A training set $X$ composed of $m$ samples, i.e., $X = (x^{(1)}, \ldots, x^{(m)})$, can be modeled as the outcome of a random variable $\mathcal{X}$. If we knew how this variable behaves, we would then be able to characterize the dataset. The behavior of a random variable is determined by its probability distribution. Hence, we are interested in determining the distribution of $\mathcal{X}$

\[P_{\mathcal{X}}(X) = P_{\mathcal{X}}(x^{(1)}, \ldots, x^{(m)})\]

In general, however, estimating this probability function is not trivial. A compromise solution is to actually guess the underlying shape of $P_{\mathcal{X}}(X)$, i.e., propose a formula that describes $P_{\mathcal{X}}(X)$. This formula is usually parametrized, meaning that it depends on a set of parameters $\theta$. There are two possibilities:

  • $\theta$ is considered an unknown vector of constants that we would like to determine. In these cases, the method of momentums or maximum likelihood estimation may be applied.
  • $\theta$ is a random variable. Under this assumption, usually bayesian estimation is used.

Maximum Likelihood Estimation (MLE)

This method tells us that the optimal value of the unknown constants $\theta$ is the one that maximizes the joint probability $P_{\mathcal{X}}(X, \theta)$, i.e.,

\[\hat{\theta}(X) = \underset{\theta}{\operatorname{arg max}}P_{\mathcal{X}}(X, \theta)\]

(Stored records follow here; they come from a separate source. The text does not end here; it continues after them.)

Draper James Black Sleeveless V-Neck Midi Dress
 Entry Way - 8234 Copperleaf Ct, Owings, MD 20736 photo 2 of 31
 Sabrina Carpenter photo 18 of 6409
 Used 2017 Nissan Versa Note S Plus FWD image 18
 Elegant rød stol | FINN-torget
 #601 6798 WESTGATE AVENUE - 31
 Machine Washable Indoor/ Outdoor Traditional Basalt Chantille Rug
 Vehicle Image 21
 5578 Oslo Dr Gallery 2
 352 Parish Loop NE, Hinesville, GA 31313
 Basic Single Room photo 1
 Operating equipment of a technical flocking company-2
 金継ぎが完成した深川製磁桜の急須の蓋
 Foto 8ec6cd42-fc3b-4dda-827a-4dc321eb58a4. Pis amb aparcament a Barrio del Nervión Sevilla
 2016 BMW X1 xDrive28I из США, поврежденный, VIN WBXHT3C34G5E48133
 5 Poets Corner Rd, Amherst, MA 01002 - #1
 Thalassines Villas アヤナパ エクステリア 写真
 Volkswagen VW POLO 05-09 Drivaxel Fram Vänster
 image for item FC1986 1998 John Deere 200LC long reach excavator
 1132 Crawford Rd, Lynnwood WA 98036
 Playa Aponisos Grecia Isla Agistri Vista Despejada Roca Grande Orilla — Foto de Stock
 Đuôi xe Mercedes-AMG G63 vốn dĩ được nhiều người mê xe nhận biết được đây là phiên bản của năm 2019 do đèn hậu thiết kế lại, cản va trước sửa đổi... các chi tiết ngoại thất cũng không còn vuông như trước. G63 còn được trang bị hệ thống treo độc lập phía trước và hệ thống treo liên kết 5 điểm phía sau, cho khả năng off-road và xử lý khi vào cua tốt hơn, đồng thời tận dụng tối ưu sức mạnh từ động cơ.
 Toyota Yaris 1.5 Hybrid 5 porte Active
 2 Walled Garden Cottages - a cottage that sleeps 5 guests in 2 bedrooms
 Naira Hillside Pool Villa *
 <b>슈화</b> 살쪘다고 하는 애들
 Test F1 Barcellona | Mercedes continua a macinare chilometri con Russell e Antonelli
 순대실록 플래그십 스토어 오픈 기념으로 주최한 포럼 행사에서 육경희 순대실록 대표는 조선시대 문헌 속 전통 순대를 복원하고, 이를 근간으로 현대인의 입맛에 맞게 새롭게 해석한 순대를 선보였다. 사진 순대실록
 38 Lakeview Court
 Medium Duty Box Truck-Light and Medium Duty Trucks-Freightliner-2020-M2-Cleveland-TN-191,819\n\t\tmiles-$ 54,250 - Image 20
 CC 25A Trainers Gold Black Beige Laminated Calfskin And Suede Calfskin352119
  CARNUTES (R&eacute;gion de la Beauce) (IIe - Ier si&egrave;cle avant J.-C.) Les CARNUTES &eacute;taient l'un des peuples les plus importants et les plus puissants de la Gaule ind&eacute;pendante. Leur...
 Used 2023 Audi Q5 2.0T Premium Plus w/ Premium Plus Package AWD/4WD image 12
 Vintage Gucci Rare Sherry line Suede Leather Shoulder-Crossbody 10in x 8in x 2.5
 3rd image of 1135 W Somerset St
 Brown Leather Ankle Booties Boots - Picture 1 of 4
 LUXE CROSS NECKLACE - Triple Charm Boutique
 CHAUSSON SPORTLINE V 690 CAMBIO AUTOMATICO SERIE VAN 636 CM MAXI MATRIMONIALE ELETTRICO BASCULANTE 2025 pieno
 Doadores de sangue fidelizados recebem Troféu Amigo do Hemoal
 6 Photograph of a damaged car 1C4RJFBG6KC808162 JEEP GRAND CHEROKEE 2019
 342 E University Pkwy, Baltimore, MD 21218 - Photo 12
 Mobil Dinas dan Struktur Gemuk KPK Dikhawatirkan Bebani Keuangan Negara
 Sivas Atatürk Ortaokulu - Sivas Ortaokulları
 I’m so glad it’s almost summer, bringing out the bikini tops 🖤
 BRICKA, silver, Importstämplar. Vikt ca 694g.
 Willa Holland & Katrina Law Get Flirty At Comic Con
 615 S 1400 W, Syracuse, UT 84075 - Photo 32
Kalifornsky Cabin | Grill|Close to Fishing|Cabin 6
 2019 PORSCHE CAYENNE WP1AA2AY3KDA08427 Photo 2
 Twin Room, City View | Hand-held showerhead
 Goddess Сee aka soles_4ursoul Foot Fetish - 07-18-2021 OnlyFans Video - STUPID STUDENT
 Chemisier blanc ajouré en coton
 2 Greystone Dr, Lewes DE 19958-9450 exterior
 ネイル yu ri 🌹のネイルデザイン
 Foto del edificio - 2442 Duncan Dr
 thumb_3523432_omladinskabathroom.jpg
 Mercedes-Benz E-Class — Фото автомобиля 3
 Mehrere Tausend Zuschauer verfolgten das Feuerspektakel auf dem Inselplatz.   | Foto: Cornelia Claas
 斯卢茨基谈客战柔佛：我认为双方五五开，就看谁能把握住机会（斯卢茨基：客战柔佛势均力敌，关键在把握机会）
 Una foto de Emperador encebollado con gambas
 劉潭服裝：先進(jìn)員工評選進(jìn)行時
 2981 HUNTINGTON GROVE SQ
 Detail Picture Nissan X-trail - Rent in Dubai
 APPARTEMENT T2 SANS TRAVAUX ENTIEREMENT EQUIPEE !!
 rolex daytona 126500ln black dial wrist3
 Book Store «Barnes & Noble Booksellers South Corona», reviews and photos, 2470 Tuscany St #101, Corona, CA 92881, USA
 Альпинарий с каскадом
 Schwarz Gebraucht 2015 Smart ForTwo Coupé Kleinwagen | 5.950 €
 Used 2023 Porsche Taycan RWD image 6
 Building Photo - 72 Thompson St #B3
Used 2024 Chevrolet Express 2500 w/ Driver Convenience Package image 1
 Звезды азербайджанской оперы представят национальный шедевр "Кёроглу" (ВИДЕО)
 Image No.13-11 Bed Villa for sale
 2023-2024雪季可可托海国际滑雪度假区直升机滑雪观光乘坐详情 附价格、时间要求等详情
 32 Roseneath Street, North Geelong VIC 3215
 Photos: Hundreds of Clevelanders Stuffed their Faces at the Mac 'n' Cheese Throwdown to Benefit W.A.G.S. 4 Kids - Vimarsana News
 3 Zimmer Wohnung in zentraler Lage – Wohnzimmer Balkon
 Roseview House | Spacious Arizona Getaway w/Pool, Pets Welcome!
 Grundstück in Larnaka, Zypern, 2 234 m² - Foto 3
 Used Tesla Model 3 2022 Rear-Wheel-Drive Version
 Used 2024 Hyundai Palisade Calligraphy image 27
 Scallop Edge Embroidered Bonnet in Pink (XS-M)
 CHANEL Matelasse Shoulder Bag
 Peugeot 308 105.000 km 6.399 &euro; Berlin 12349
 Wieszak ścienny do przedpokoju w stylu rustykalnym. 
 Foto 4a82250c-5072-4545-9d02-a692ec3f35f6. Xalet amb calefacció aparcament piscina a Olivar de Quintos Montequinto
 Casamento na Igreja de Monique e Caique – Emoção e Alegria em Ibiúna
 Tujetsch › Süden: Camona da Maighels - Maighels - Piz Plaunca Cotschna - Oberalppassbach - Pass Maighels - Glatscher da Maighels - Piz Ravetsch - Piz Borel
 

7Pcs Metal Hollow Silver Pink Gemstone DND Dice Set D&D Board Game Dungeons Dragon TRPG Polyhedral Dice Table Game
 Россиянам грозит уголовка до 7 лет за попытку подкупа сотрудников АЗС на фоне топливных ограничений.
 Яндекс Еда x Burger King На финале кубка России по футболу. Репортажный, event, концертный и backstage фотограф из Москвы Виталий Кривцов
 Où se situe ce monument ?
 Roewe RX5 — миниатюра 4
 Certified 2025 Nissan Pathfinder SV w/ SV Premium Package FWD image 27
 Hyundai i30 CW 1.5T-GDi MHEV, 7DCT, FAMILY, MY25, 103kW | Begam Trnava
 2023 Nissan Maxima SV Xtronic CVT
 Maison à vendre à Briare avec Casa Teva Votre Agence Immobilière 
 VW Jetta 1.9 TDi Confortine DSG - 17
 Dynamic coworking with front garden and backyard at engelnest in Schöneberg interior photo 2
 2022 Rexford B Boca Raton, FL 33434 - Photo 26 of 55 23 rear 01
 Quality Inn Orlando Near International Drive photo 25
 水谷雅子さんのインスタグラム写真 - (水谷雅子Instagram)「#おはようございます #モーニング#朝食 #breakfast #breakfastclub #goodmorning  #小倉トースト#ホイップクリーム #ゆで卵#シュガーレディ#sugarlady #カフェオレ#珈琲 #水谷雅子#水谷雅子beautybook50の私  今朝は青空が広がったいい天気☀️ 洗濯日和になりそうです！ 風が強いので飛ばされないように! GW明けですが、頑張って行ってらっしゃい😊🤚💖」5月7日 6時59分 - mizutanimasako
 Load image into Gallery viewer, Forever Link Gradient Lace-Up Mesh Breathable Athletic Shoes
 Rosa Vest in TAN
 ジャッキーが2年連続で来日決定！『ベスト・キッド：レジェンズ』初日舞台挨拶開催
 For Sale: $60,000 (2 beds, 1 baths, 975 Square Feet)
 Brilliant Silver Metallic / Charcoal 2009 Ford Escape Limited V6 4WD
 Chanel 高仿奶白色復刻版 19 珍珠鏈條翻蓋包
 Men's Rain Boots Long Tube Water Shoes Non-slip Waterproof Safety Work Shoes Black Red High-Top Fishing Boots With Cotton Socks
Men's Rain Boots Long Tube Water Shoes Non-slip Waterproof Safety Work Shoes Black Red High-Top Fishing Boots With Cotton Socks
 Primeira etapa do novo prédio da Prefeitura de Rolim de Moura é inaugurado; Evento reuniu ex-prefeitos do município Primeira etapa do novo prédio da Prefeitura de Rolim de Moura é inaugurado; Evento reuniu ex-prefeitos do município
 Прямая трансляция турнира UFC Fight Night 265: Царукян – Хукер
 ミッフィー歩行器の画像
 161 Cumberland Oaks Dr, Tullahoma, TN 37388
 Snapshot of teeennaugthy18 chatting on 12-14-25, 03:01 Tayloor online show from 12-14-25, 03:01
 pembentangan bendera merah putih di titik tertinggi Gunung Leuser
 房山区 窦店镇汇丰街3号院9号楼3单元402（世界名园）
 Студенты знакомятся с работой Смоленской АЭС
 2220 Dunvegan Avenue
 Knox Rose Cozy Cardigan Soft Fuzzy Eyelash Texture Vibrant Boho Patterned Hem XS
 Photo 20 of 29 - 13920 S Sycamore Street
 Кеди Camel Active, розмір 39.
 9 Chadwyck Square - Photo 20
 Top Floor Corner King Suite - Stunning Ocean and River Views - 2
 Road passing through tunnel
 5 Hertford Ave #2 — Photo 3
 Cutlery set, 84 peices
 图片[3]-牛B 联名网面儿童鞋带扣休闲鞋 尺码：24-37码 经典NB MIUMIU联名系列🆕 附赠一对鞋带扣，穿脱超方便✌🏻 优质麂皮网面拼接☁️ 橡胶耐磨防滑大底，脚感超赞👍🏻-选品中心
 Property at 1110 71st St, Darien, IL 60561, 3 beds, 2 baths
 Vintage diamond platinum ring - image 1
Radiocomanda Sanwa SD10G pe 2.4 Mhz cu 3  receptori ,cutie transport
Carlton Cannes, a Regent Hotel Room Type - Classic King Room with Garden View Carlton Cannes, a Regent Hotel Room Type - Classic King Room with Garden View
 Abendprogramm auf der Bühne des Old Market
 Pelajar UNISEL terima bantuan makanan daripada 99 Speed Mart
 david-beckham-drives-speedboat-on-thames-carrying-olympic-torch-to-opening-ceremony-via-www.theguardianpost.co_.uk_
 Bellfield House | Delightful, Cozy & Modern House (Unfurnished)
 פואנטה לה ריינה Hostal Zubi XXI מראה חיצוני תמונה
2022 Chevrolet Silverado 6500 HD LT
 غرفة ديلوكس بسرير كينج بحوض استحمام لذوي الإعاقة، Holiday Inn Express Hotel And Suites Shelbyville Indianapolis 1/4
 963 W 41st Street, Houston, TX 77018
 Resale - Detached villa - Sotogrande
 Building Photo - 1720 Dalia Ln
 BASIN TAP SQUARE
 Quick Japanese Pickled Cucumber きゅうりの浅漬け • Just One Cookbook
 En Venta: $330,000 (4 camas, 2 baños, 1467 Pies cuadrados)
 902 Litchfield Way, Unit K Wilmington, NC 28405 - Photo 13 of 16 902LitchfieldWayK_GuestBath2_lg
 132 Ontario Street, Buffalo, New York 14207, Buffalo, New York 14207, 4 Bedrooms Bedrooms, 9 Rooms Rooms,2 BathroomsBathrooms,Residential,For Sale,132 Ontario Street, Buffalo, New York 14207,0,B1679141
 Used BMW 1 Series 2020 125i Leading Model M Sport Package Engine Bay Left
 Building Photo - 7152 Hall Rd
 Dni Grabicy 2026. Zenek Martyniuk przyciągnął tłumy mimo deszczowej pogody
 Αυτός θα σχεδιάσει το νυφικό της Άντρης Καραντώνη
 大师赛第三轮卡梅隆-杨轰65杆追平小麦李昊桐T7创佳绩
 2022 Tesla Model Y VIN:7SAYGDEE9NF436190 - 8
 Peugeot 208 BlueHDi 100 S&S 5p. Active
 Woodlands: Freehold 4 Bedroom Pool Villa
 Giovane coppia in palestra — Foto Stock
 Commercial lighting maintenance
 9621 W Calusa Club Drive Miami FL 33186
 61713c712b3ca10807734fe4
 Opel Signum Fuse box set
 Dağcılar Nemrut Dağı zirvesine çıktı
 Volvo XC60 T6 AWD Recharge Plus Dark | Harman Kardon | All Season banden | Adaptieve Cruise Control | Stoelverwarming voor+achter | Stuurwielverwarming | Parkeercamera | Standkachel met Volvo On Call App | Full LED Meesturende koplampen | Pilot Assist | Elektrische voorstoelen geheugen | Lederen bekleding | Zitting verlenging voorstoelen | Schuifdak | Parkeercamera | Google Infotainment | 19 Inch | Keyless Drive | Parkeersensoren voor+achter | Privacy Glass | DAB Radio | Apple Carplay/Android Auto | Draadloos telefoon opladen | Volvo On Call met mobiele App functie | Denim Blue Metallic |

The question that MLE answers then can be put as “given that we have this dataset $X$, for which value of $\theta$ would it have been more likely to actually observe $X$?”. When the parameters in the formula we proposed take the values of $\hat{\theta}(X)$, the odds of this event are maximized.

To find $\hat{\theta}$(X), in the cases that $P_{\mathcal{X}}(X, \theta)$ is a differentiable function, we can simply look for

\[\nabla_{\theta}\;P_{\mathcal{X}}(X, \theta) = 0\]

When the training samples are independent and identically distributed, $P_{\mathcal{X}}(X, \theta)$ is the product of the marginal distributions. For these cases, we can write

\[\nabla_{\theta} \prod_{i=1}^m P_x(x^{(i)}, \theta) = 0\]

Since the logarithm is a monotonic increasing function, then the solutions to the last equation are the same that the ones for

\[\nabla_{\theta} \sum_{i=1}^m \log \bigg(P_x(x^{(i)}, \theta)\bigg) = 0\]

where $l(\theta; X) = \sum_{i=1}^m \log \bigg(P_x(x^{(i)}, \theta)\bigg)$ is referred to as the log-likelihood of $\theta$ according to the data $X$.

Finally, a negative version of the log-likelihood may be described as a cost function $J(\theta; X)$ which we then seek to minimize, rather than maximize:

\[\hat{\theta}(X) = \underset{\theta}{\operatorname{arg max}}\;l(\theta; X) = \underset{\theta}{\operatorname{arg min}}\big(- l(\theta; X)\big) = \underset{\theta}{\operatorname{arg min}}J(\theta; X)\]